We overcame a few challenges today - a fully loaded deuce stuck in the mud with no winch point in reach. A 95 hp CAT 299D2 with a 3 to 4000# 16' hickory in its jaws helped it out. Later with Brian gone on a run, I got an off-brand saw stuck in the base of a tall downed cherry. The CAT 299D2 was two hills away but there was a nice 125hp D6K XL bulldozer just sitting 50 feet away. Same little key fired it up and made short work of freeing my saw. I could get used to running these Caterpillars - but unless they knock two zeros off the price I will stick with chainsaws.

FWIW MAC lists the 86234 hard nose bar as both 42" and 44". DL count for .404" with a 7 tooth is 122. With a standard sprocket (presumably an 8 tooth), it is 123 and oddly 124 for the Speed Mac chain. The brochure I was reading listed 4 chain types : a Pro Mac with a round cutter profile, a Speed Mac with a semi-chisel profile, a Super Pro with a full chisel profile for a round file and a Super Pro full chisel profile for a square file.
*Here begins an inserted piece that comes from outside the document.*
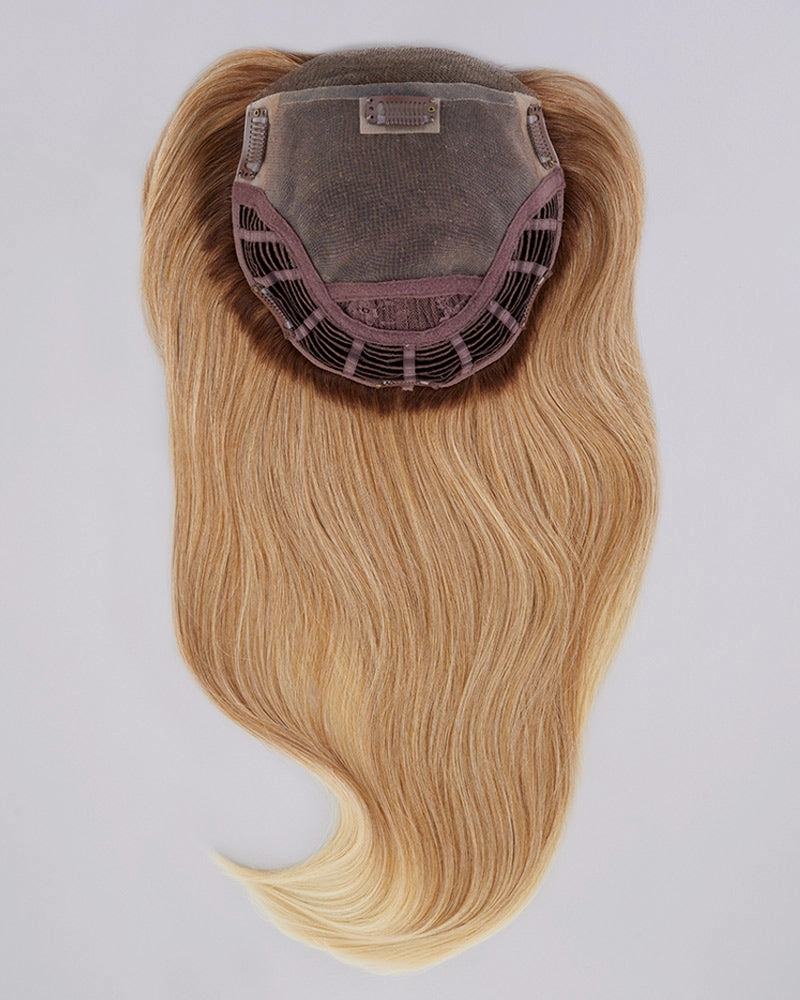 Accessories_Jon Renau_Wigs Top Smart HH 18 inch | Lace Front & Monofilament Remy Human Hair Topper by Jon Renau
I am happy to have my favorite 800 back from Brian. He installed a timesert to hold the plug. I can't wait to run it again even though I am trying hard to wrap up the cutting season.


Ron
 
Ron, I used to do a lot with my Macs but since I moved last year and don’t burn wood anymore (except a little bit in my shop) that hobby has kind of been sidelined. I really enjoy the weekly reports of your (and Brian’s) exploits. I guess I am living my chainsaw life vicariously through you.
 
So did you move out to the country to get away from all that hustle and bustle?
Yeah it was pretty congested where I was at LOL. Actually I moved close to a small town but still in the country. I have a little more land but on a busier road.